Adjuncts Vote to Authorize Strike; Staff Workers Union Reaches Agreement


The Mercy Adjunct Union voted to formally authorize a potential strike with over 92 percent of voters being in favor of the strike. 

This vote gives the union negotiating committee the ability to call for a strike if a contract can not be reached with the college in upcoming bargaining sessions. 

“This extremely positive vote for authorizing a strike speaks volumes about the support of the adjunct faculty and lecturers in seeking a fair wage for our work and improvements in our students’ learning conditions,” said Steve Ochser, English Adjunct and Union Committee Member in a statement. 

A representative from the union declined to provide the exact total of votes cast in the election.

The timing of the strike vote on April 4 and April 5 was to provide leverage for the union in a negotiation scheduled for April 6, adjunct sources stated. 

While both sides failed to reach a deal in that negotiation session, both sides agreed to meet for three consecutive days in an attempt to reach an agreement before the end of the spring semester. The meetings are scheduled for April 26, 27, and 28, while the spring term is scheduled to end on May 10.

Member of the Adjunct Bargaining Committee and a lecturer in the Seminars Program, Katherine Flaherty, stated how the strike authorization can be used as a tool to help negotiations for the union. 

“The threat of a creditable strike usually propels the administration to bargain in more good faith than they had previously,” said Flaherty. 

Just before the scheduled April 6 negotiations between the adjunct union and college, a message from Mercy College President Tim Hall to college faculty and staff announced an agreement had been reached with Local 2110 United Auto Workers. 

This union represents many of the staff workers at Mercy College and will provide labor peace for the workers through Sept. 30, 2024. 

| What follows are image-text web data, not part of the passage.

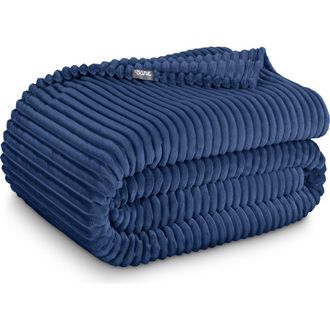 Bare Home Ribbed Microplush Fleece Throw Blanket in Dark Blue at Nordstrom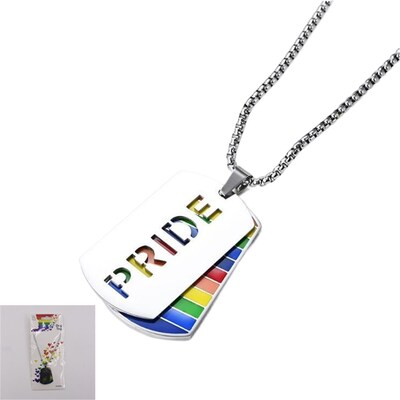 Rainbow Pride Dog Tags on Chain Necklace (Pk 1)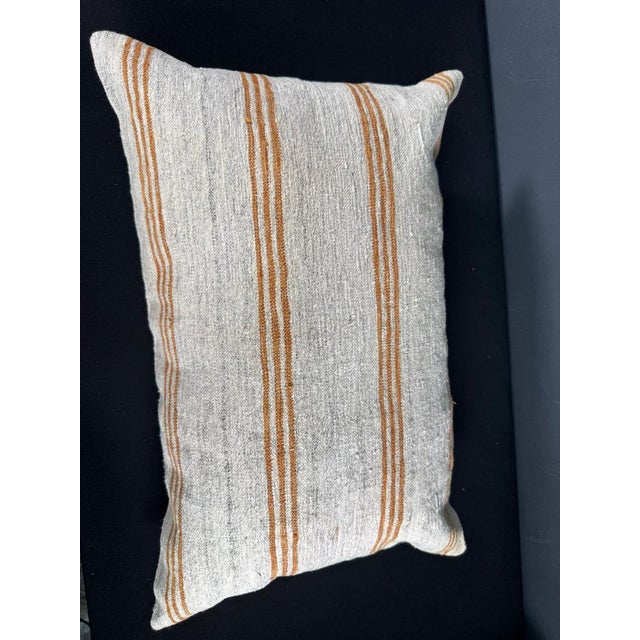 Turkish Hemp Pillow Cushion Natural Beige Rust Pillow Cushion Cover 16" x 24" #30139 Enhance your home decor with our...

“Our goal was to reach an agreement that honors the valuable contributions our staff make to the success of our students while ensuring the long-term stability and strength of the institution. I am pleased to report that we have been able to achieve this,” said Hall in the statement. 

Local 2110 UAW previously stated support of the adjuncts union amid its own contract negotiations on March 23. 

In another message from Hall to students, faculty, and staff later on April 6, the college acknowledged that the union held a strike authorization vote and that both sides exchanged counterproposals in the negotiations session. 

“Today, both parties met to exchange counter proposals and jointly expressed their desire to avoid a strike or any type of disruption to the spring term,” said Hall. 

Over the concerns of students, English adjunct assistant professor Catherine Johnson urged students not to worry and that the strike will not be sudden. 

“A strike date will be announced, and they will know it,” said Johnson. 

During the voting process, one of the lead negotiators for the union, Sean Collins, indicated the union had a minor issue with Campus Security over signage. 

According to union members, the Head of Campus Security objected to the slogan on some of the signs and required them to be taken down. The union said the signs had the slogan “No Profs in Poverty” on them. 

In response to this Plunkett said this was due to Mercy College’s policy on signs. 

“Mercy College’s policies ordinarily limit solicitation of employees on campus and require that signage be pre-approved and hung on designated bulletin boards,” said Plunkett. 

The union intends on reviewing this decision by Mercy College to ensure no labor laws were violated. 

“We are considering some of the options if that constitutes an unfair labor practice,” said Collins. 

Both sides continue to emphasize that neither wants a work stoppage to disrupt the spring semester. Johnson hopes this latest action by the union can prevent it. 

“I hope the Mercy administration hears this message loud and clear.”